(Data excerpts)

----

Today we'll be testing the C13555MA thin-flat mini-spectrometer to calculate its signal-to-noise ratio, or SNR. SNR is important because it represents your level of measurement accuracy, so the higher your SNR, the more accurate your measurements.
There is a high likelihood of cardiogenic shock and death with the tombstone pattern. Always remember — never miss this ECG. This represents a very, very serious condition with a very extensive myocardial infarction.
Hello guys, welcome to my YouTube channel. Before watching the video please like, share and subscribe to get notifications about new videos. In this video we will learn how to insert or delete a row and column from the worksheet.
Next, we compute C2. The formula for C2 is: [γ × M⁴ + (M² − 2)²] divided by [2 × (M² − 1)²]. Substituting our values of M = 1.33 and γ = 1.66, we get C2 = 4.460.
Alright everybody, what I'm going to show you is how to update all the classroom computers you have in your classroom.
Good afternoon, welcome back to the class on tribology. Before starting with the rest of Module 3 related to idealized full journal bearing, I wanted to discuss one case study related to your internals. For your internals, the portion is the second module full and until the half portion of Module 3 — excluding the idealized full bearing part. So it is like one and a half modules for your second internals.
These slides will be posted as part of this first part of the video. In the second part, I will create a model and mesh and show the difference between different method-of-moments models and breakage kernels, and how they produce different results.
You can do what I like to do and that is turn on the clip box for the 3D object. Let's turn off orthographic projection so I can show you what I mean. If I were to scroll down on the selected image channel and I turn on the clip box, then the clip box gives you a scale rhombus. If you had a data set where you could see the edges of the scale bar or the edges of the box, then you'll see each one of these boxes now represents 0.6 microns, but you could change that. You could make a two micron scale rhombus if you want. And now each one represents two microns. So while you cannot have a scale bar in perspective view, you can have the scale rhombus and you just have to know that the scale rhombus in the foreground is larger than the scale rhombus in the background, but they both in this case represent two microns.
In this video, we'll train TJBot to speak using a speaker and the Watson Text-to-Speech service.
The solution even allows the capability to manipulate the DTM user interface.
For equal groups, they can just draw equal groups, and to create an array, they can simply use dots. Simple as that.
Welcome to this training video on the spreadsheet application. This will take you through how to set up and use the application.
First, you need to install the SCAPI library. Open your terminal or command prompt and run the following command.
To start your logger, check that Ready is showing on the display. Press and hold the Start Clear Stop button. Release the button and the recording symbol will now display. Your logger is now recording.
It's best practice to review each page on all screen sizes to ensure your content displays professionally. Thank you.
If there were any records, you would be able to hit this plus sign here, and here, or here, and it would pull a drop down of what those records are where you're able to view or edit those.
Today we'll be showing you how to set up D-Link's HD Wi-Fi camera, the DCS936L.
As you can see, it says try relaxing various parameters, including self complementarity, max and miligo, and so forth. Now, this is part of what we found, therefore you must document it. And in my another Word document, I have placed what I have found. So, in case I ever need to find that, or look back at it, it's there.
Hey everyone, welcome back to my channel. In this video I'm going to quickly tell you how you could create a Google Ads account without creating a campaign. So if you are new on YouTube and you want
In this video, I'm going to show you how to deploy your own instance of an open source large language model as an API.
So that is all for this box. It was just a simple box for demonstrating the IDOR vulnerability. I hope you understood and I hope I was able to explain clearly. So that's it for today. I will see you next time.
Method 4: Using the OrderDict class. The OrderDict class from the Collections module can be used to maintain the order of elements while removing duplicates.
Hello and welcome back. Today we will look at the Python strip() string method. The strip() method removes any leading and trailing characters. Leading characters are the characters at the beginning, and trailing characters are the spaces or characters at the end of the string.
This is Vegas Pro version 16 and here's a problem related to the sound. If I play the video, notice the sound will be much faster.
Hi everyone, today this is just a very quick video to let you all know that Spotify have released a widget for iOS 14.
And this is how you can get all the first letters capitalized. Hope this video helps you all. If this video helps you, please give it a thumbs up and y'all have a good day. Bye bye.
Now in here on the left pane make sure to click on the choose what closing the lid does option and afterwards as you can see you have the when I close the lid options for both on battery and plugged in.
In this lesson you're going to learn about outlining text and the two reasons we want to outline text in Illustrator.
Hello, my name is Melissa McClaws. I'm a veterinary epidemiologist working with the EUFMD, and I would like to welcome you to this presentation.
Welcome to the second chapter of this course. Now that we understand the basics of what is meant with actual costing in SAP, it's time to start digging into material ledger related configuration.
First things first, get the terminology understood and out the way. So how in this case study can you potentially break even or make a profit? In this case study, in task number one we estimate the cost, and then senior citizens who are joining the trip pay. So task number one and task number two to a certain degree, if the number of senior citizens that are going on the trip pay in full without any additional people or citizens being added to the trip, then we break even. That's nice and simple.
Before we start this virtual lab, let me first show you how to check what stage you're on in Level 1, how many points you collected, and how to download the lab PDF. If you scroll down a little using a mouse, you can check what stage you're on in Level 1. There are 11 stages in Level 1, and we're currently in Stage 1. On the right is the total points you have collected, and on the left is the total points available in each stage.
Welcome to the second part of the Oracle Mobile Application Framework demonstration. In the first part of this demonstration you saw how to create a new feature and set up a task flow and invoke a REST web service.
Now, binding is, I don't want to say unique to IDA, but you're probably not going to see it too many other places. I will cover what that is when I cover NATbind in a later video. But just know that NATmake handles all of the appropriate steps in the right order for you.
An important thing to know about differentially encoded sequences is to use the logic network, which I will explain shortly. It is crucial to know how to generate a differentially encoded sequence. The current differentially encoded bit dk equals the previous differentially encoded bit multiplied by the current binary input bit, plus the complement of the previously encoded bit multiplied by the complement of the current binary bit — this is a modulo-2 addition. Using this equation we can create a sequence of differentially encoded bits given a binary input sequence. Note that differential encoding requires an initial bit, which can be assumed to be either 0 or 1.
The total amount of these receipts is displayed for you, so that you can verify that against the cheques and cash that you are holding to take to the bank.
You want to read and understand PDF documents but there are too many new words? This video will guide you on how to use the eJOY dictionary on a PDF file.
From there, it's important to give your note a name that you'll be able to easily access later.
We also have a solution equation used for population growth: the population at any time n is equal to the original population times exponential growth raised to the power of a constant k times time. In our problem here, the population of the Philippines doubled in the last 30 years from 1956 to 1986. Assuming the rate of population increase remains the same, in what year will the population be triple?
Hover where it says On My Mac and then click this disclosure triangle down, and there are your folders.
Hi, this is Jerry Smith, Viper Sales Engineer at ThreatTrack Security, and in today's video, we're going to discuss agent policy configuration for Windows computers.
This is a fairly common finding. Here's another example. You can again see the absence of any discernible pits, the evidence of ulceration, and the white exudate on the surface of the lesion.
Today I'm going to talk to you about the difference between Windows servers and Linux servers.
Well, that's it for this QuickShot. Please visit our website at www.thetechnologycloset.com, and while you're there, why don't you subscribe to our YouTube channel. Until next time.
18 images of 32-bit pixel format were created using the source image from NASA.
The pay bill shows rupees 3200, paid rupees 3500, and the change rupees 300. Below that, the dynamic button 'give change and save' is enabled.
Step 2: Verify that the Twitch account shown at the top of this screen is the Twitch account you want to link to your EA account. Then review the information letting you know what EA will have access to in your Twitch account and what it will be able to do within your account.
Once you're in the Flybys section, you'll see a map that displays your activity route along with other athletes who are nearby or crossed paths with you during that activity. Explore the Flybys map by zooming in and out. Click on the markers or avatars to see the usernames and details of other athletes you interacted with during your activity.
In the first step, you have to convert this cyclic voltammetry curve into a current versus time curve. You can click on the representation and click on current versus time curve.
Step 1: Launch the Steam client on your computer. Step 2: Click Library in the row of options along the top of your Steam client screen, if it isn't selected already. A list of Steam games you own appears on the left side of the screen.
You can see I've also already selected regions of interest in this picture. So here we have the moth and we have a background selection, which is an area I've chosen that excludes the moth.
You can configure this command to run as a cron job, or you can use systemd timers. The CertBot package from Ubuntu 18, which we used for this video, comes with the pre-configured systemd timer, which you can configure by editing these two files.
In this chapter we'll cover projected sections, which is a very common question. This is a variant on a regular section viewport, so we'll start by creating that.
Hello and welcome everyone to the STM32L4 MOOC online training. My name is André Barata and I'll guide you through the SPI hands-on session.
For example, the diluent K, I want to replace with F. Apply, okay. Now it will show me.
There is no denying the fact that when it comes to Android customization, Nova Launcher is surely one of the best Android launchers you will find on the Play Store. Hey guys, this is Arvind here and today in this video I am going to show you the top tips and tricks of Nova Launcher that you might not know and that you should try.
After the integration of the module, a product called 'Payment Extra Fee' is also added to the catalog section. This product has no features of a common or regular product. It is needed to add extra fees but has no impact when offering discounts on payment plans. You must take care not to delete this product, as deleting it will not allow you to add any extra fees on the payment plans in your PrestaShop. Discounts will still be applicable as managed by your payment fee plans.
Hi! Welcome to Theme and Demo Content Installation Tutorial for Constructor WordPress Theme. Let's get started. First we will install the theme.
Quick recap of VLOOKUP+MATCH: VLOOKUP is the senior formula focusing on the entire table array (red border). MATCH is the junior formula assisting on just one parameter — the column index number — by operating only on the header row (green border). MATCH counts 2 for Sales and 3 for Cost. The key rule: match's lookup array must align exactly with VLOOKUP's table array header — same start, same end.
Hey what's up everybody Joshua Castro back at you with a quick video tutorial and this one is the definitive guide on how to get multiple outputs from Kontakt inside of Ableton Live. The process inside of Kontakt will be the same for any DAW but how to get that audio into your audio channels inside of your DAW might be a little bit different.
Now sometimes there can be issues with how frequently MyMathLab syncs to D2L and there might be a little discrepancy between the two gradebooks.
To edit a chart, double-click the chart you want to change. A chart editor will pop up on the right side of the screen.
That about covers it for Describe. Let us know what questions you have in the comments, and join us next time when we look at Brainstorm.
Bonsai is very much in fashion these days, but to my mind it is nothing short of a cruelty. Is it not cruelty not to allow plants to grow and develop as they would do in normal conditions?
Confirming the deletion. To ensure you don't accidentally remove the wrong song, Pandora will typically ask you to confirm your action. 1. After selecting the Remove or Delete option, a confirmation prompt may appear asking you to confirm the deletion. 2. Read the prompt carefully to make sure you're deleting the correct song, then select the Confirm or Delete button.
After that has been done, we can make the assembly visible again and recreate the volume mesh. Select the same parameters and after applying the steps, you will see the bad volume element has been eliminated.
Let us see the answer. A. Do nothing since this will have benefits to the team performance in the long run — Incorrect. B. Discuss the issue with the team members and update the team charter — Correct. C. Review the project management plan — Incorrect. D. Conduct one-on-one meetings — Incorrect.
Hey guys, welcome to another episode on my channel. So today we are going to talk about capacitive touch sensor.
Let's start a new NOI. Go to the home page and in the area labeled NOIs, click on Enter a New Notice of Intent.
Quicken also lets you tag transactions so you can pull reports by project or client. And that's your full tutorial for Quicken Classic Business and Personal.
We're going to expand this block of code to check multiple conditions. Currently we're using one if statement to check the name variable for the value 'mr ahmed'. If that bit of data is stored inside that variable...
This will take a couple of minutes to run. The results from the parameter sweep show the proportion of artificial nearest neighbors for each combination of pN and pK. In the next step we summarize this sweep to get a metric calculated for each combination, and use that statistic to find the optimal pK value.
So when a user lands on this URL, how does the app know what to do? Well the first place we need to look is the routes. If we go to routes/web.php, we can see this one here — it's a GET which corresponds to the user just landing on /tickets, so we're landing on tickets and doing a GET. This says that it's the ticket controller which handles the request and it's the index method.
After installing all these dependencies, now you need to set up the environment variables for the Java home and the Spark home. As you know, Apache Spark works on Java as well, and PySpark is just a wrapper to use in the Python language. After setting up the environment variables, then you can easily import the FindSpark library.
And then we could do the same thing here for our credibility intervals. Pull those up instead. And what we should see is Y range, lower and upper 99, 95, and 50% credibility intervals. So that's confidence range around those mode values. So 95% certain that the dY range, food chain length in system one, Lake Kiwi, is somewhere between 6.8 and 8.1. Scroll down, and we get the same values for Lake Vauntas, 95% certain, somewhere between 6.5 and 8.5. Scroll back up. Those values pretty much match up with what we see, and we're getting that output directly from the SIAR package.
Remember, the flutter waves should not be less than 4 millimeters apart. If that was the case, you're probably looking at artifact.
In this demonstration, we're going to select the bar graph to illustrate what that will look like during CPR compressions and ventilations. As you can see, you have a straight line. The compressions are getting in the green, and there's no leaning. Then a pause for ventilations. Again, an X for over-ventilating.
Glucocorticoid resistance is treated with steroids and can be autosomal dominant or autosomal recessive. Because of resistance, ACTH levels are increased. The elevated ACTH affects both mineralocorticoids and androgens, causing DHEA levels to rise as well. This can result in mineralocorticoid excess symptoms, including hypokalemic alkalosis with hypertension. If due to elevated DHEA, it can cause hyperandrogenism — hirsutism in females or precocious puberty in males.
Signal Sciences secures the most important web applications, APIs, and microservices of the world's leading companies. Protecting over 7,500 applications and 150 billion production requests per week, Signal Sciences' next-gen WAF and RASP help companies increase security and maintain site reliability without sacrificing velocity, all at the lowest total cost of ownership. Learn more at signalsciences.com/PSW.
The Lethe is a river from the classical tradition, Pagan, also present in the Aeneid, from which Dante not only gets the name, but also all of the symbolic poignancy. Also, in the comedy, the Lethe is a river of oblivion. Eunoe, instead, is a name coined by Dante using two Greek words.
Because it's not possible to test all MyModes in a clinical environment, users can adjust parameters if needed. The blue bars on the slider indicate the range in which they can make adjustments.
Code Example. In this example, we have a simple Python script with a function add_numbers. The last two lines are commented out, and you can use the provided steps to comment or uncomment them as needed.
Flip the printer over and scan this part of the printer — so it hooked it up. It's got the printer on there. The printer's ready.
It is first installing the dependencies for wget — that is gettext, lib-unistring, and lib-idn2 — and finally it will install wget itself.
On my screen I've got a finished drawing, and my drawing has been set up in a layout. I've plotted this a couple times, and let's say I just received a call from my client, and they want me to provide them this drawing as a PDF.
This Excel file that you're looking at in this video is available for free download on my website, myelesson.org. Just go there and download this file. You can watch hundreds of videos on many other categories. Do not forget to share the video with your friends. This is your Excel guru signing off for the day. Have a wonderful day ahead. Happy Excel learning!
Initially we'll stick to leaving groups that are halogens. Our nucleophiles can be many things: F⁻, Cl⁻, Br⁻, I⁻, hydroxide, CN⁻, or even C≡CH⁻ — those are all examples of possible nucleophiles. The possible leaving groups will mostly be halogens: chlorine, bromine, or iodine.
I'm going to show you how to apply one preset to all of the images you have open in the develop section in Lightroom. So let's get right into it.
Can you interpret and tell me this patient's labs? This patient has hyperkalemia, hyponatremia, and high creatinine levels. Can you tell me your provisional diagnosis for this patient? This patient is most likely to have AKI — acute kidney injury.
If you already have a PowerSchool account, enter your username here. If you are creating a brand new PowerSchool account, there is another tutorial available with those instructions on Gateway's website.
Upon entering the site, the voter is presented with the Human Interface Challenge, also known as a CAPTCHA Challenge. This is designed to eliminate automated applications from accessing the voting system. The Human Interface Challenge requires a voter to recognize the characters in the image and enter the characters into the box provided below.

----

DIRECTIONS: The line containing "Hello guys, welcome" marks the end. Please print exactly every line from the top of the data to it, both included, and nothing more.

EXERCISE OUTPUT:
Today we'll be testing the C13555MA thin-flat mini-spectrometer to calculate its signal-to-noise ratio, or SNR. SNR is important because it represents your level of measurement accuracy, so the higher your SNR, the more accurate your measurements.
There is a high likelihood of cardiogenic shock and death with the tombstone pattern. Always remember — never miss this ECG. This represents a very, very serious condition with a very extensive myocardial infarction.
Hello guys, welcome to my YouTube channel. Before watching the video please like, share and subscribe to get notifications about new videos. In this video we will learn how to insert or delete a row and column from the worksheet.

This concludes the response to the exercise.